[Exercise details] Repeat the data that follows exactly, starting at the line with "Vestido curto com padrão degradé" and ending at the line with "VALLEY VIEW ESTATES - Residential", and leave out every picture.
*** Opening Dataset ***
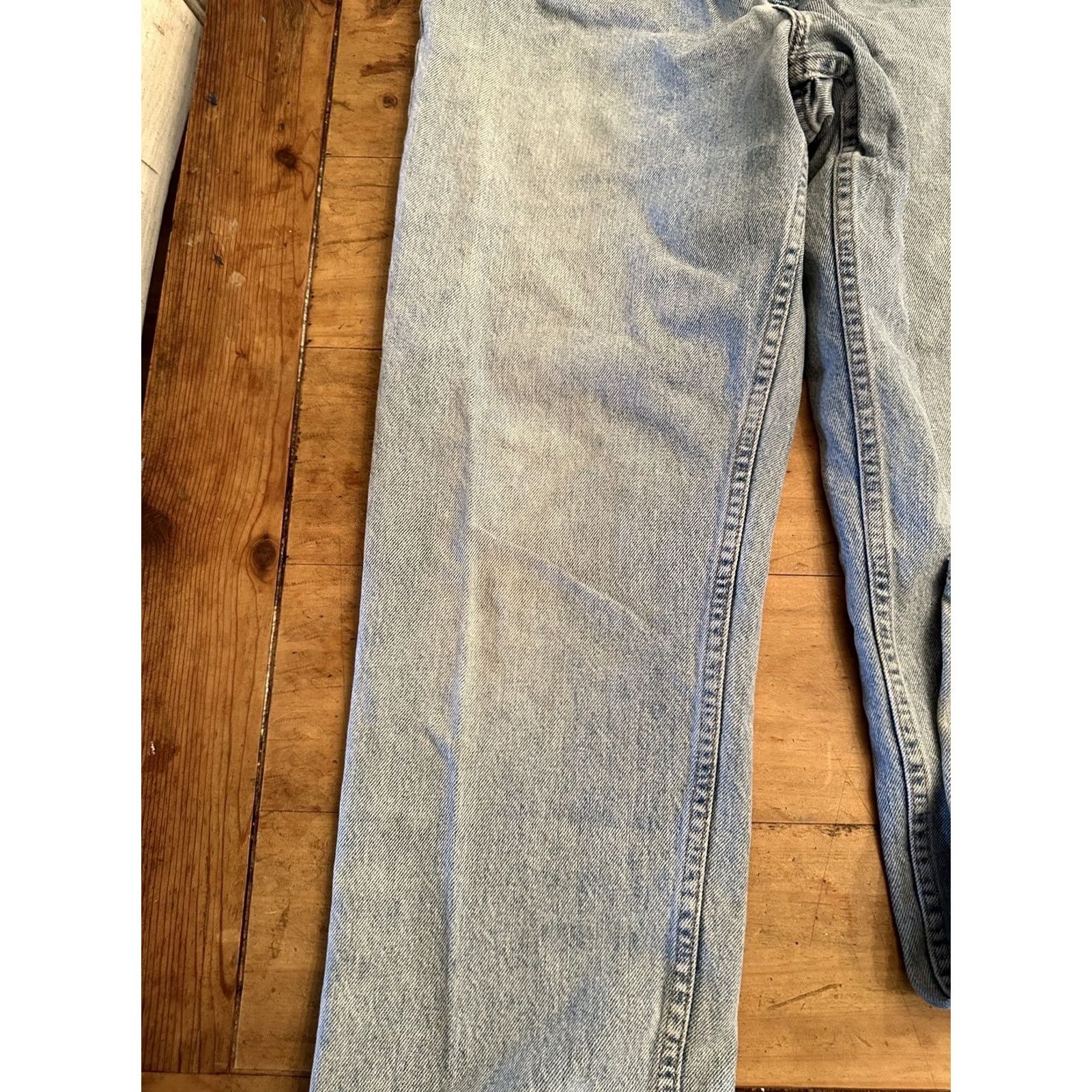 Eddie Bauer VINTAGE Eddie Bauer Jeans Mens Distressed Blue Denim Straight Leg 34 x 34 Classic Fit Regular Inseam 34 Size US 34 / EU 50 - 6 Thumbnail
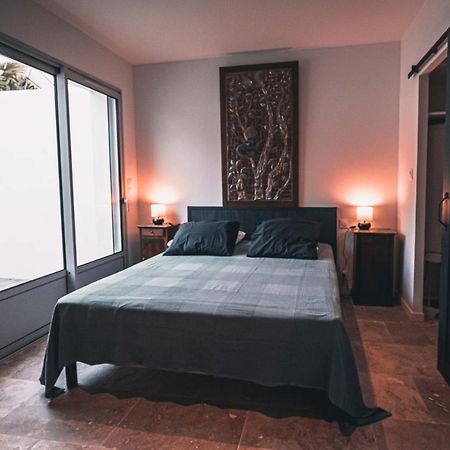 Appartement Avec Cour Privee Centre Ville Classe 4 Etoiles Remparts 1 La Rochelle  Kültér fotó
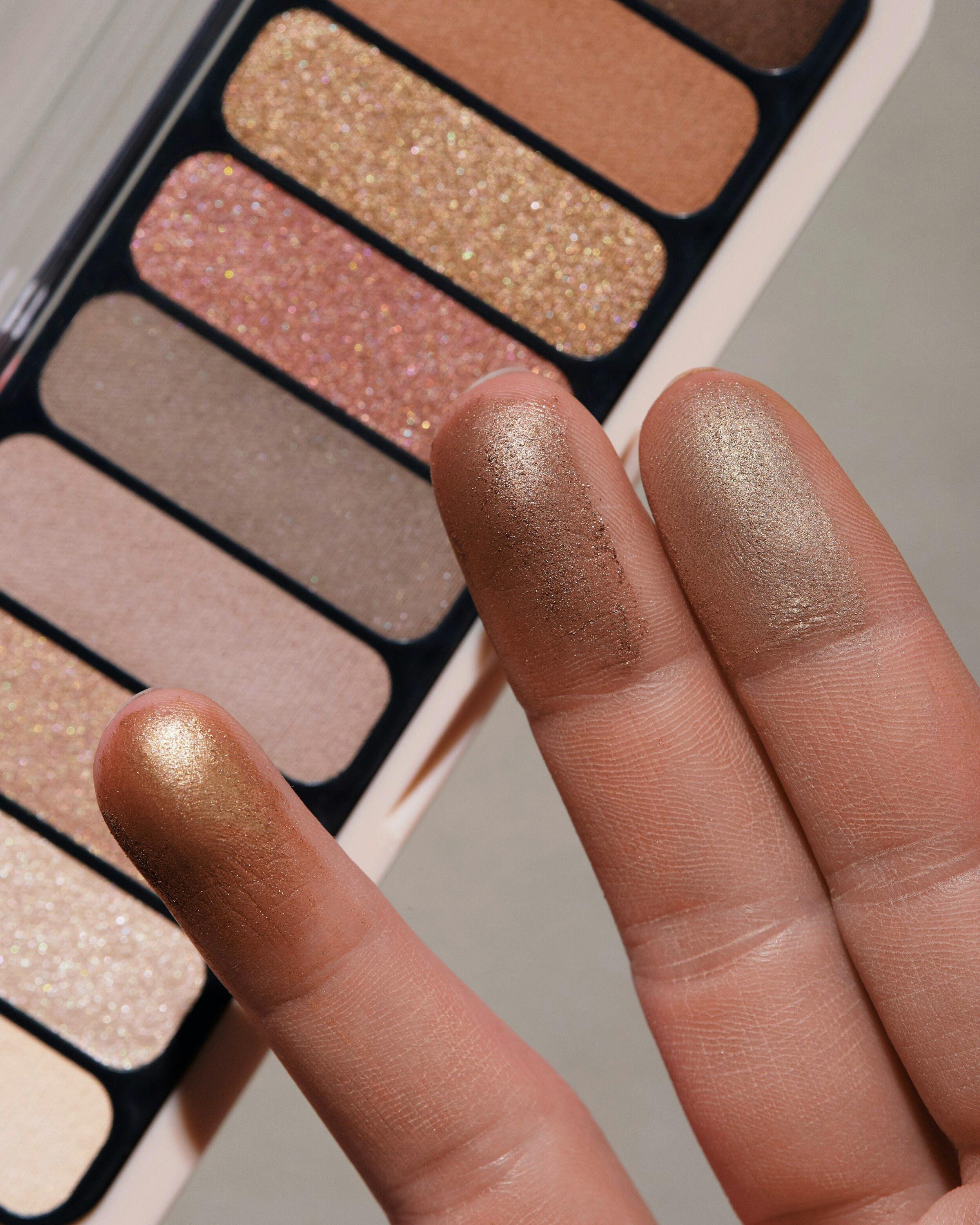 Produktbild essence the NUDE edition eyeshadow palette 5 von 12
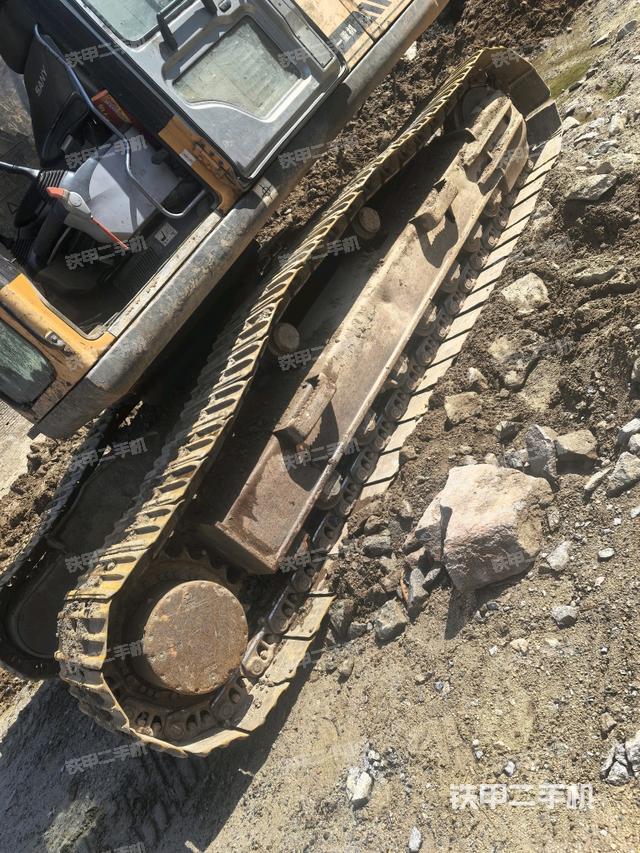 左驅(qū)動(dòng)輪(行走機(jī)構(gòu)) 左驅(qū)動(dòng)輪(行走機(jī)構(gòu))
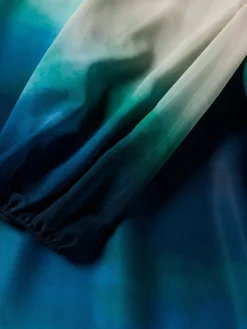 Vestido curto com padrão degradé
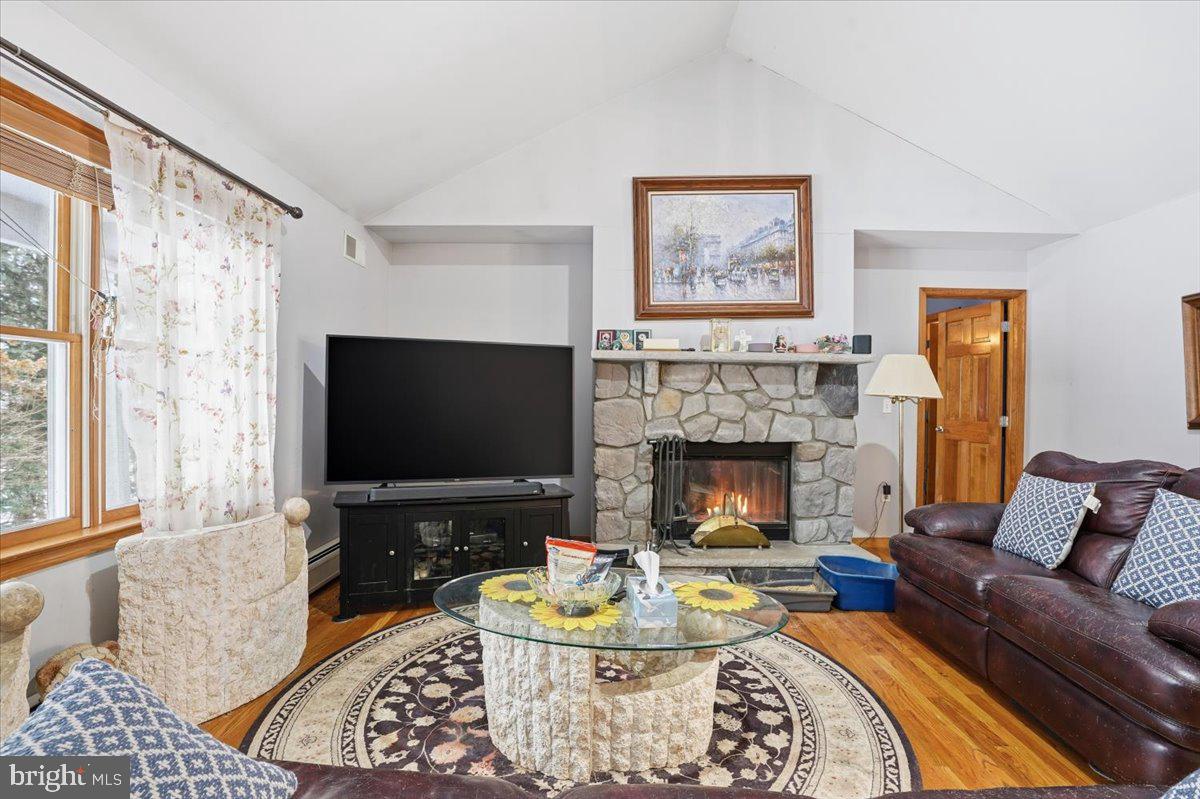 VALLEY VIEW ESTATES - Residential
*** Closing Dataset ***
*** Opening Dataset ***
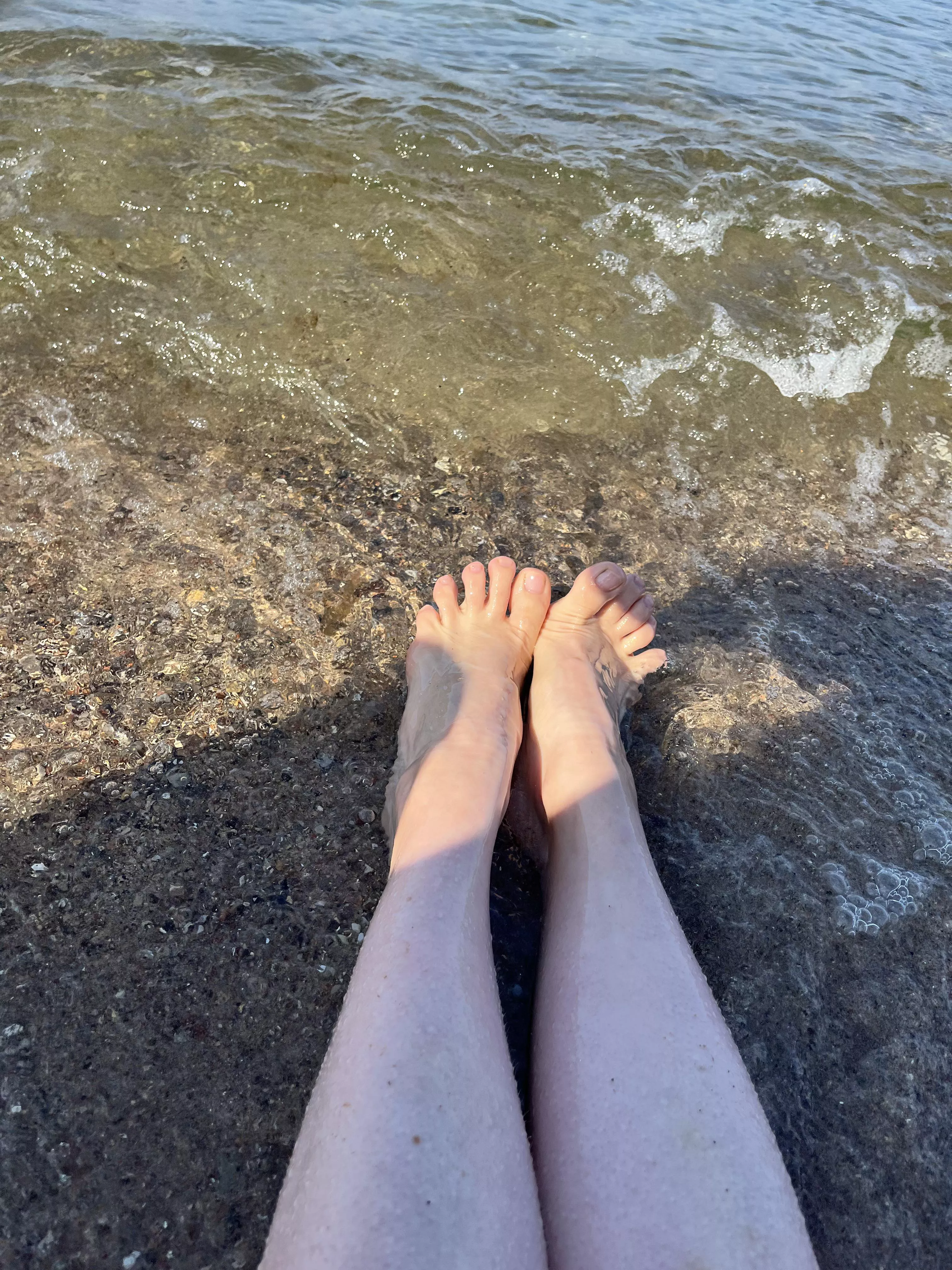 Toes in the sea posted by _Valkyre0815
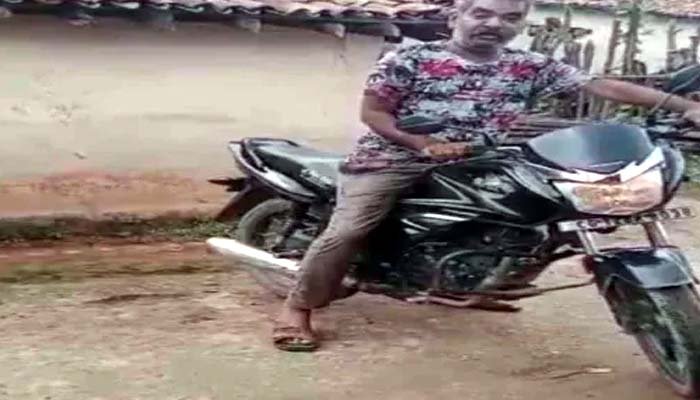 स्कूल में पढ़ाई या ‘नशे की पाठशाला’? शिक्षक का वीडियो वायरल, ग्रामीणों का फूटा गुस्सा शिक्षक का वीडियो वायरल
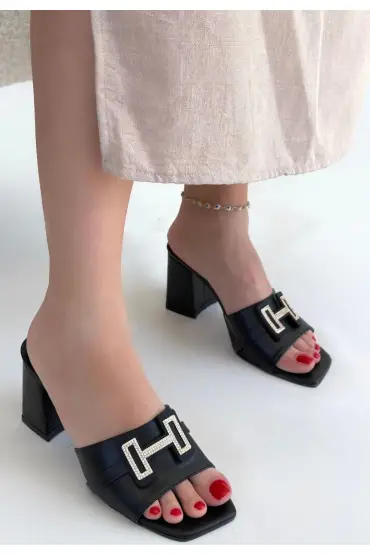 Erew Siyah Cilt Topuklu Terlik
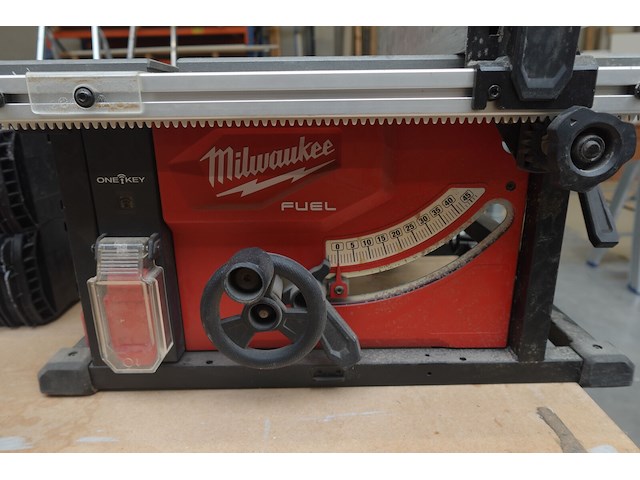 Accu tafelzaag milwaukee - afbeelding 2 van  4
*** Closing Dataset ***
[Response for this exercise]
 Vestido curto com padrão degradé
 VALLEY VIEW ESTATES - Residential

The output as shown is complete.